Internet traffic has grown considerably in the past few years, with the development of new networking paradigms, including 5G/6G, the Internet of Things and the Industrial Internet, and new Internet applications, including live streaming, video sharing and virtual reality. A precise prediction for Internet traffic has been proposed as an important research topic in the past few years as the basis for intelligent network management and planning, e.g., elastic network service provision and content delivery optimization. Different approaches have been proposed for achieving satisfactory traffic prediction performance, which can be categorized into statistical, machine learning and deep learning types.

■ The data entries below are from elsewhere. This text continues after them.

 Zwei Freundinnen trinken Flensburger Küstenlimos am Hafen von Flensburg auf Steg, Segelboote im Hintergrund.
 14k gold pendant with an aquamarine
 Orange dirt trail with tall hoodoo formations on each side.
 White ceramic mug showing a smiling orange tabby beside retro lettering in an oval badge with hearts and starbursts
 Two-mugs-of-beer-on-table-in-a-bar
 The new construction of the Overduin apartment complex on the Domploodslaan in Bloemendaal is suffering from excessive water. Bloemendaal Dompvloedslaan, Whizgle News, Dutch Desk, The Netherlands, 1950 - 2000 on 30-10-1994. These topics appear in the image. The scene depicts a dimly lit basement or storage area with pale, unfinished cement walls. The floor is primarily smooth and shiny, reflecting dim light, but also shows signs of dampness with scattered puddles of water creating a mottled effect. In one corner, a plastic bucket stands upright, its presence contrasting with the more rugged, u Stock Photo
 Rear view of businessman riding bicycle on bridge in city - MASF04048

Statistical models mainly include autoregressive integrated moving average (ARIMA) and vector autoregression (VAR) when the Internet traffic prediction problem is modeled as a univariate or multivariate time series problem. These statistical models have the advantages of low computational cost and high interpretability. However, their prediction performance is not as competitive as that of machine learning and deep learning models [1]. Machine learning models mainly include support vector machine and decision tree-based models, e.g., random forest and AdaBoost, and have both a medium computation cost and a medium prediction performance. More recently, deep learning models including various neural network structures have been proven more effective for prediction problems [2,3,4,5]. With a flexible structure, deep learning can be used in different problem formats, e.g., recurrent neural networks for time series-format prediction [6,7], convolutional neural networks for grid-based prediction [8,9] and graph neural networks for graph-format prediction [10,11].

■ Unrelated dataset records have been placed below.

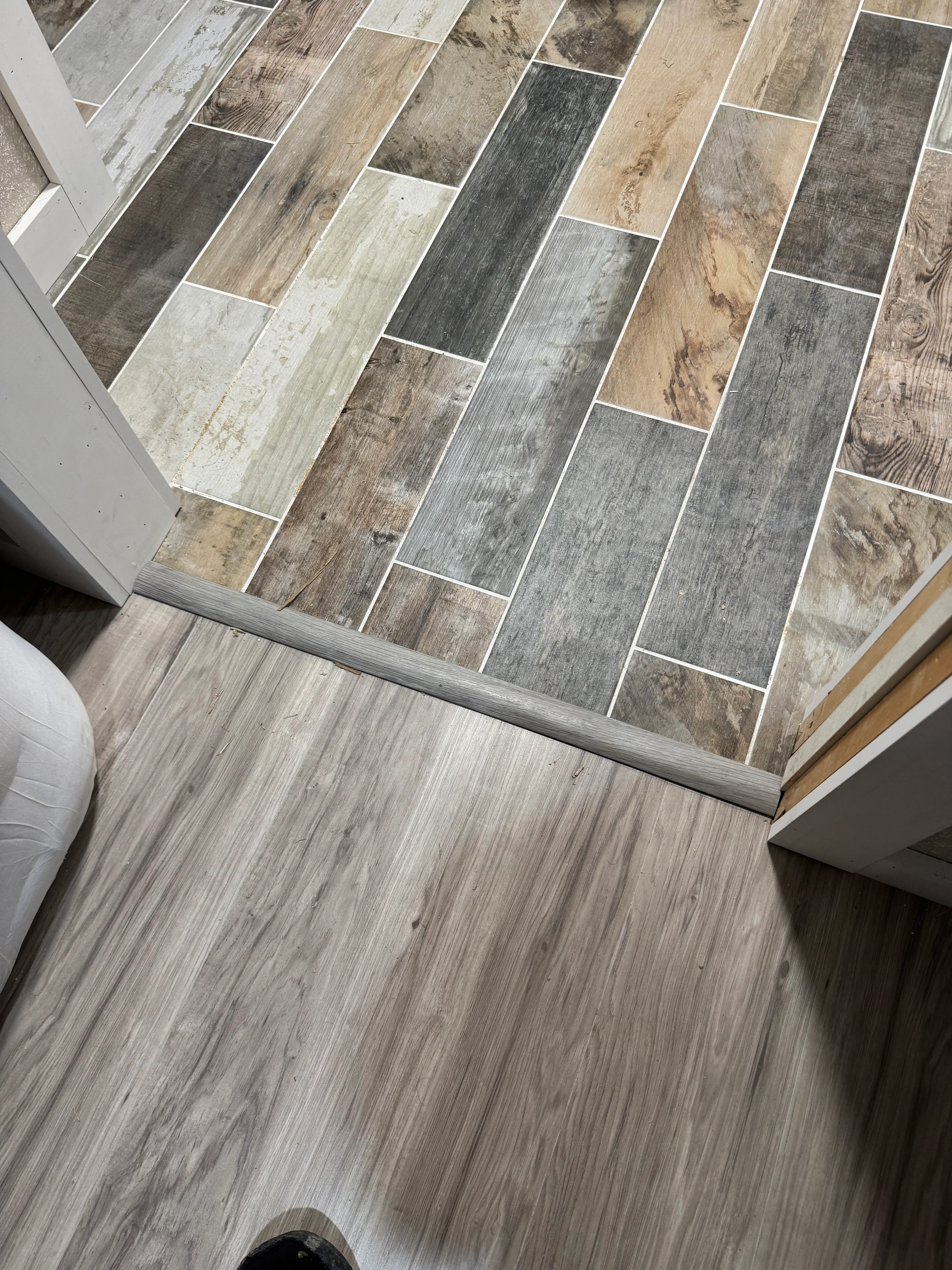 Herringbone pattern luxury vinyl plank flooring in mixed wood tones with white grout lines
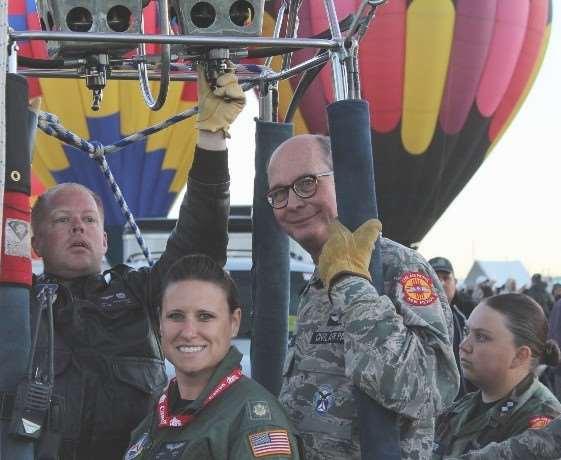 Above: In the gondola, (L-R) Lt. Col. William R. Fitzpatrick, Maj. Jessica Makin, and New Mexico Wing Commander Col. Mike Lee about to rise in the final Mass Ascension of the Fiesta.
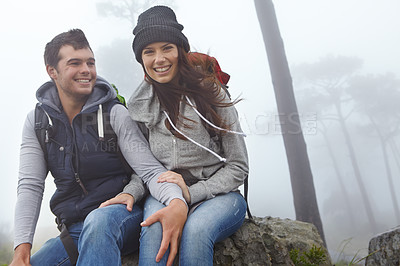 Buy stock photo Shot of a young couple taking a break while out hiking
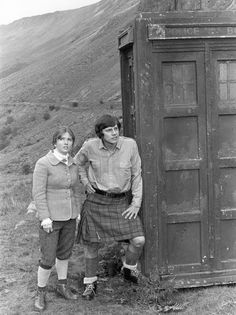 an old photo of two people standing next to a tardist in the mountains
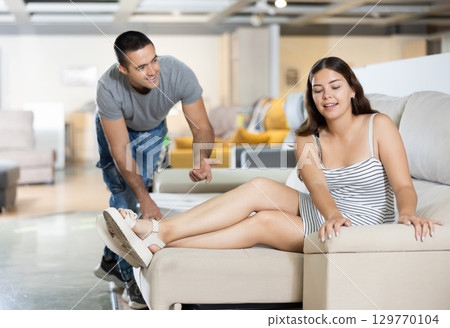 Couple chooses furniture in store.Wife is sitting on sofa,husband is standing next to her 129770104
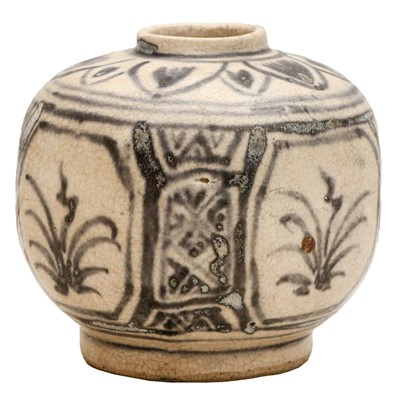 Lot 273 - A Chinese blue and white faceted 'floral' jar, Ming dynasty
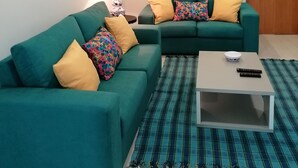 A living room with two green sofas, colorful pillows, a small table, and a lamp. - Hot Water House 2 (Furnas)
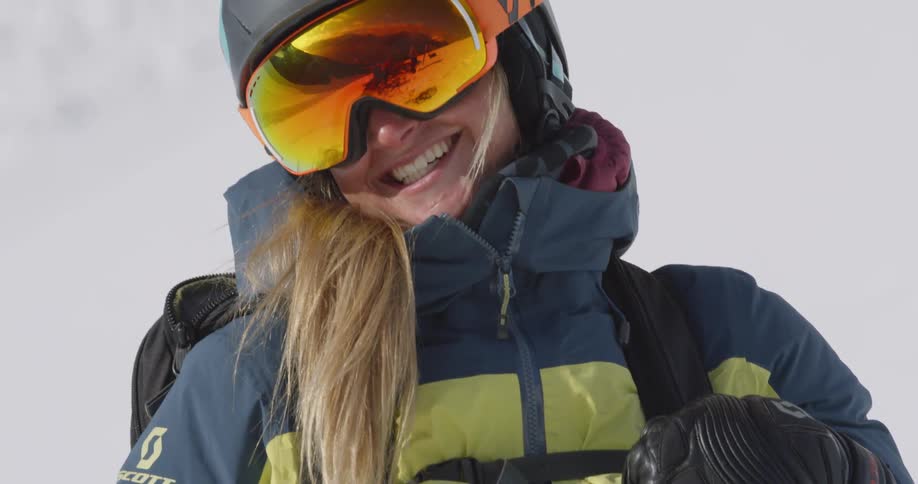 A woman smiles with ski gear on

However, most of the existing studies for Internet traffic prediction focus on the centralized approach, in which the prediction models are trained and deployed in a centralized server, neglecting the case that multiple parties are concerned about the prediction process and want to be involved in the training process in a distributed approach. In reality, multiple parties would be interested in the prediction result of Internet traffic usages. For example, for the campus backbone network considered in this paper, the involved parties include the university network management department, the Internet service provider and the Internet content provider. All these parties behave as an intelligent agent with their own computation and communication facilities that can be leveraged in the traffic prediction task. On the other hand, distributed multi-agent learning has been proven more efficient than training a deep learning model on a single agent [12]. However, few previous discussed whether better performance can be achieved with such settings in the problem of Internet traffic prediction.

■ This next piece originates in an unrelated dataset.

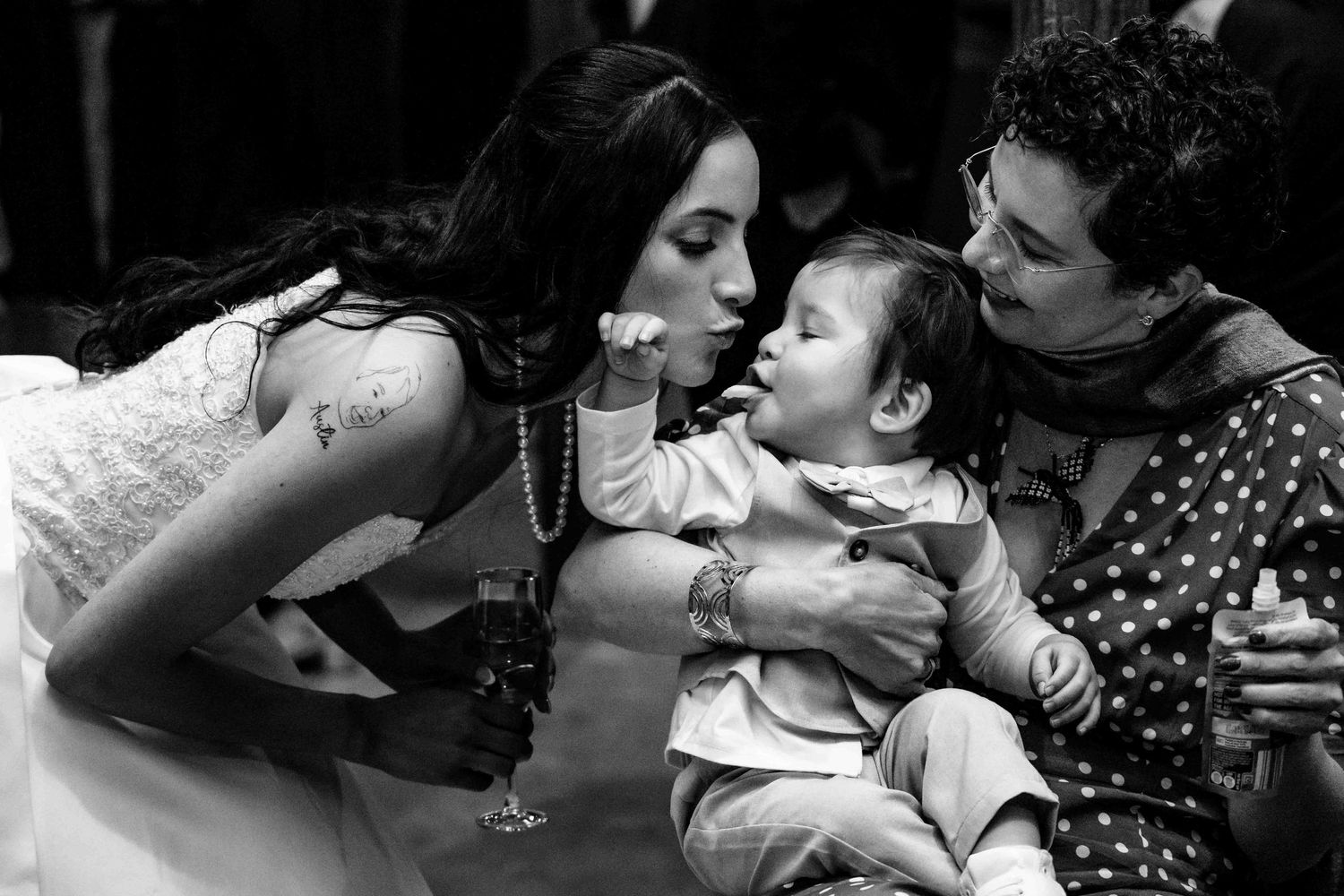 Bride in white lace dress kisses a baby held by a guest in a black and white wedding candid photo.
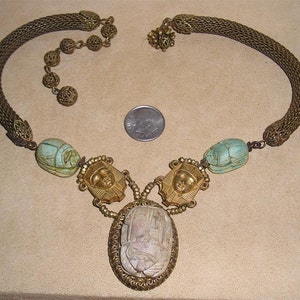 May include: An antique-style necklace with an Egyptian theme. The necklace features a woven gold-tone chain, turquoise scarab beetle beads, and gold-tone pendant with an oval central pendant. A U.S. quarter is next to the necklace for size comparison.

To the best of our knowledge, this paper presents a pioneer work which predicts Internet traffic with a distributed multi-agent learning approach when Internet traffic prediction is modeled as a supervised learning problem. For this paper, the research motivation is to validate the marginal benefit of the distributed multi-agent learning approach over traditional centralized learning and initiate the research direction of a potential further performance improvement in follow-up studies. Two recurrent neural networks, namely, long short-term memory (LSTM) [13] and gated recurrent unit (GRU) [14], are adopted as the base prediction model and compared on a real-world Internet traffic dataset. The numerical experiments show that the GRU-based distributed multi-agent learning approach achieves state-of-the-art performance, outperforming both the LSTM-based multi-agent learning approach and the centralized learning approach in a previous study [15].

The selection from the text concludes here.